Insel acknowledges that overmedication could be a problem. “No question, in a field without biomarkers, [meaning there are no blood tests for psychiatric ailments] there is a risk of over-diagnosis,” he writes. “But what if the increased use of medication reflected more children with severe developmental problems and more families in crisis?” Most parents resist giving their children drugs, he writes. Pharmaceutical companies have reduced their marketing budgets.
As to whether we are experiencing a flood of overmedication, or a crisis on undermedication, Insel, who is in a position to know, writes this:
What I hear from families in crisis is lack of access, poor quality care, and a desperate need for answers. In the media reports on over-medicating children, this perspective is missing. The possibility that there is a real increase in the number of children suffering with severe emotional problems, just as there is a real increase in the number of children with diabetes and food allergies, is not even considered. Shouldn’t we be asking why so many children, at younger ages, are being seen for emotional and behavioral problems?
Indeed. Science reporters should follow Insel’s lead and stop bemoaning the increasing use of psychiatric drugs in kids. Instead, as Insel suggests, they should take a serious look at the problem of mental illness in children, and why it seems to be on the rise.
A reorientation of journalists’ priorities is long overdue.
Jason Gillikin says
I work in the QI department of a Midwest-based health insurer. Last summer, we evaluated the rate of ADHD stimulant drug spending, based mostly on concerns from some employer groups that ADHD stimulants are quickly approaching their Top 5 drug expenses — in some cases, outpacing drugs for diabetes and even chemotherapy. Our core finding was that rates were fairly constant for children and adolescents (although we saw more for very young, like toddlers) over a 10-year period, but the real growth as a ratio of plan members really shot up in the over-30 crowd. ADHD simulant usage is a hot topic, but it’s difficult to tease out a single idea or single explanation for the increase in prescriptions over time. A lot goes into why prescriptions are written, and who’s doing the diagnosing (and based on what criteria). I am skeptical that looking at just children, without looking at all age cohorts, really tells the full story. At a minimum, talking to the providers engaged with the patients matters — you’ll get different results from a primary-care doc relatively inexperienced with behavioral-health matters, than from a formal diagnosis from a psychiatrist or other mental-health professional. As with so much with health reporting, stories about the alleged over-medication of America’s boys removes so much nuance that the breathless findings trumpeted on so many headline-news banners obscures more than it illuminates.

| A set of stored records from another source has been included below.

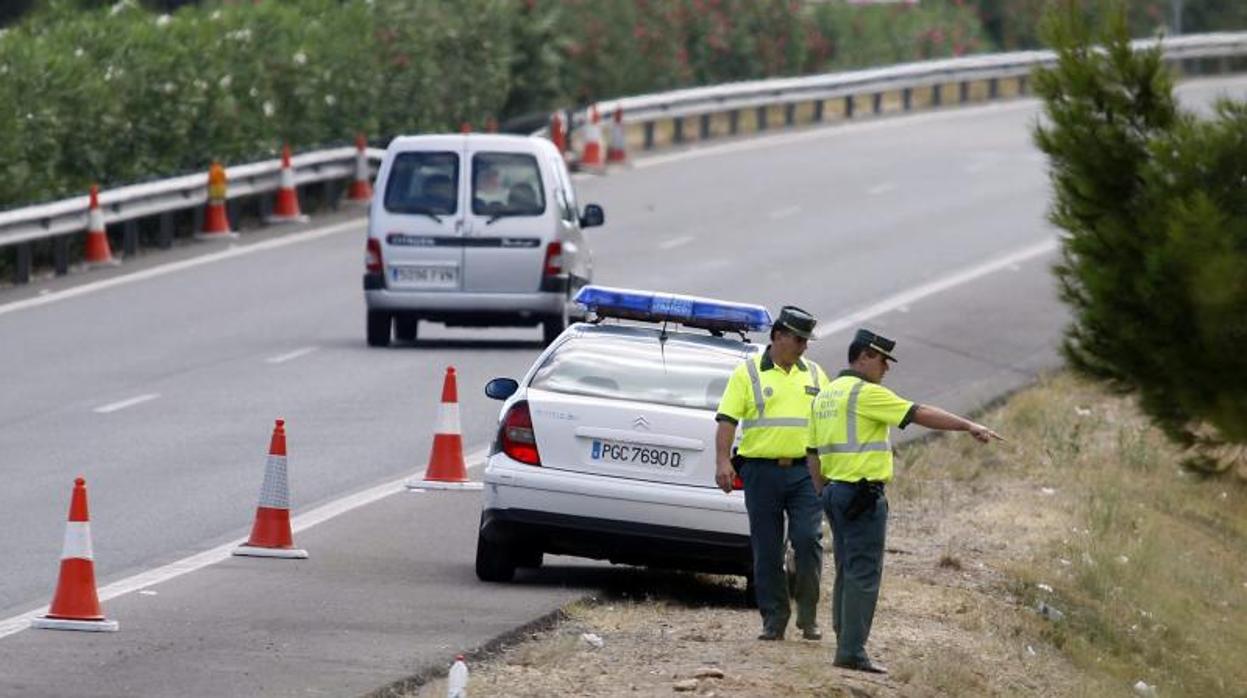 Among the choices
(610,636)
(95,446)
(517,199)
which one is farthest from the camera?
(517,199)

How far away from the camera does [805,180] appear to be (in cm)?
4381

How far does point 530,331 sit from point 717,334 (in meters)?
13.6

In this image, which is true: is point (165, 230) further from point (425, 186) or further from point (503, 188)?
point (503, 188)

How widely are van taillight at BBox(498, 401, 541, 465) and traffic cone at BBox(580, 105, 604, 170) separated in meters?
29.7

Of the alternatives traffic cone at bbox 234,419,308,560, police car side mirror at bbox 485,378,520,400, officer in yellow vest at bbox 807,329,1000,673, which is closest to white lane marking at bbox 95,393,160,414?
traffic cone at bbox 234,419,308,560

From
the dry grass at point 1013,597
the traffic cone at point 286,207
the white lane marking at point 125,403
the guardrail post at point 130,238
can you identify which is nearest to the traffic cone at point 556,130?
the traffic cone at point 286,207

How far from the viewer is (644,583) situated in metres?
14.9

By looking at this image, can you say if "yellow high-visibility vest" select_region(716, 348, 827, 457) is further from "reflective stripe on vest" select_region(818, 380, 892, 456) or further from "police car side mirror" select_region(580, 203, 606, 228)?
"police car side mirror" select_region(580, 203, 606, 228)

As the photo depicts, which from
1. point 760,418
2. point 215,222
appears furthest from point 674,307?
point 215,222

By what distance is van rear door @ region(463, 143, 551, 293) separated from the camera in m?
25.7

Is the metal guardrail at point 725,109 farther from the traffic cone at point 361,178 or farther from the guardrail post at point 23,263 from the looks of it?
the traffic cone at point 361,178

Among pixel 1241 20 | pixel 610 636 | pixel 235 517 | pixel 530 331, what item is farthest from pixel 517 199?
pixel 1241 20

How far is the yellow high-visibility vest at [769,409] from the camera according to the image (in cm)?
1259

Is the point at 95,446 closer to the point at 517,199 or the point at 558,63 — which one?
the point at 517,199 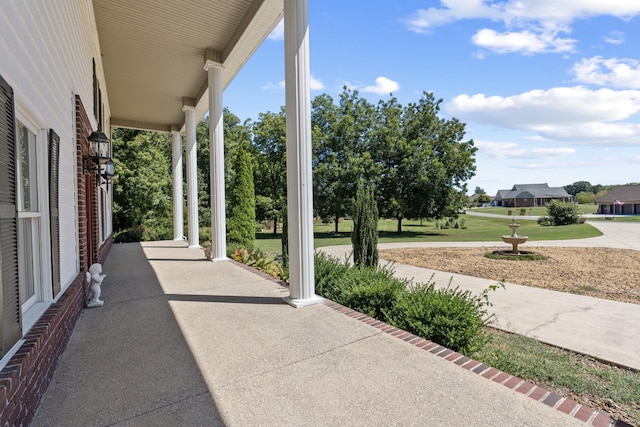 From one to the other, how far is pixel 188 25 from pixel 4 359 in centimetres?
660

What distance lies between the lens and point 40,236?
292 cm

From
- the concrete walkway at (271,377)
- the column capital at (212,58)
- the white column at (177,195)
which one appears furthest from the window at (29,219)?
the white column at (177,195)

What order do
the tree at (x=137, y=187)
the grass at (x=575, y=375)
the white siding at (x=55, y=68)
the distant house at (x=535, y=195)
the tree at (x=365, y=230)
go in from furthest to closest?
the distant house at (x=535, y=195), the tree at (x=137, y=187), the tree at (x=365, y=230), the grass at (x=575, y=375), the white siding at (x=55, y=68)

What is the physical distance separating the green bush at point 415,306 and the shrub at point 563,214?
92.4 feet

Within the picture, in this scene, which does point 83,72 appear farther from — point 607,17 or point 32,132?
point 607,17

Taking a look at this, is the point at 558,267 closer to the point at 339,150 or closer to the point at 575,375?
the point at 575,375

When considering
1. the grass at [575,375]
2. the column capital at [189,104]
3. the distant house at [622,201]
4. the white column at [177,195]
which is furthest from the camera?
the distant house at [622,201]

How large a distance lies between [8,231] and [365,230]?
5669 millimetres

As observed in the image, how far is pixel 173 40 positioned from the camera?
7188 millimetres

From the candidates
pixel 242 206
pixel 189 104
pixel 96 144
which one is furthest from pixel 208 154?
pixel 96 144

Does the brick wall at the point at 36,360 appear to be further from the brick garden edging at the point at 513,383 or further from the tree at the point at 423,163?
the tree at the point at 423,163

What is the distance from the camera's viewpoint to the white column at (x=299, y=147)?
178 inches

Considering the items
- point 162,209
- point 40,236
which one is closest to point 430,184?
point 162,209

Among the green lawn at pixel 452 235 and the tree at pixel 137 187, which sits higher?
the tree at pixel 137 187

Sorry to be the cynic, but somebody has to…
It is probable, at this point, that more than 50% of the medical problems that Americans have are CAUSED by over-medication (as well as misguided ‘advice’ like avoiding fats), ranging from diabetes and gall bladder problems caused by inappropriately prescribed meds for hypertension; to mysterious ‘epidemics’ of autism and breast cancer that might be explained by answering questions nobody is willing to ask, such as: is the modern epidemic of breast cancer related to the fact that the last fifty years has introduced a new hormonally disrupting factor into women’s health, viz: the birth control pill?
That doesn’t mean we shouldn’t treat some kids with developmental disorders, especially if the patients are dangerous to themselves or others, but we have to be very careful with that treatment and its potential long term side effects.

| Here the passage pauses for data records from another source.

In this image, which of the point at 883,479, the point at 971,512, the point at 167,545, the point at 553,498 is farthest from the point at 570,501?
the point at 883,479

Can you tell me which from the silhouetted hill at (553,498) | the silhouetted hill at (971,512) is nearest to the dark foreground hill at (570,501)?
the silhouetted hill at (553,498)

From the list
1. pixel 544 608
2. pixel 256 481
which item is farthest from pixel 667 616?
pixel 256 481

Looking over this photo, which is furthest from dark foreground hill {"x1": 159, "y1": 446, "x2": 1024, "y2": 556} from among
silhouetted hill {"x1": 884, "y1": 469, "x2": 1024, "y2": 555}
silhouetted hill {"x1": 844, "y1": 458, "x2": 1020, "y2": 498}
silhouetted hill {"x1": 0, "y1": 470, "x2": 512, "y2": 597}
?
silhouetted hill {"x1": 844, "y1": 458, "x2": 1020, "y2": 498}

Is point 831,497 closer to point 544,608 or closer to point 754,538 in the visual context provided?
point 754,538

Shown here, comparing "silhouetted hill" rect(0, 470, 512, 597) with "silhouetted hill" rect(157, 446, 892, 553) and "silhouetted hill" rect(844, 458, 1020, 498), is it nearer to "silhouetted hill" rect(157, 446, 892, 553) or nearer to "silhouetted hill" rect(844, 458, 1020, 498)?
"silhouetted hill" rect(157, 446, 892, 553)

One example: that guy who killed all those people in southern California a few weeks ago had long been diagnosed with one or another psychiatric disorder.
Was he or had he been on medication of some sort?
We HAVE to ask these questions if we are going to claim to be ‘scientists’.
I always wonder about kids who get 3 hours of hard exercise a day, and 10 hours of sleep. How often do they get diagnosed as needing medicine?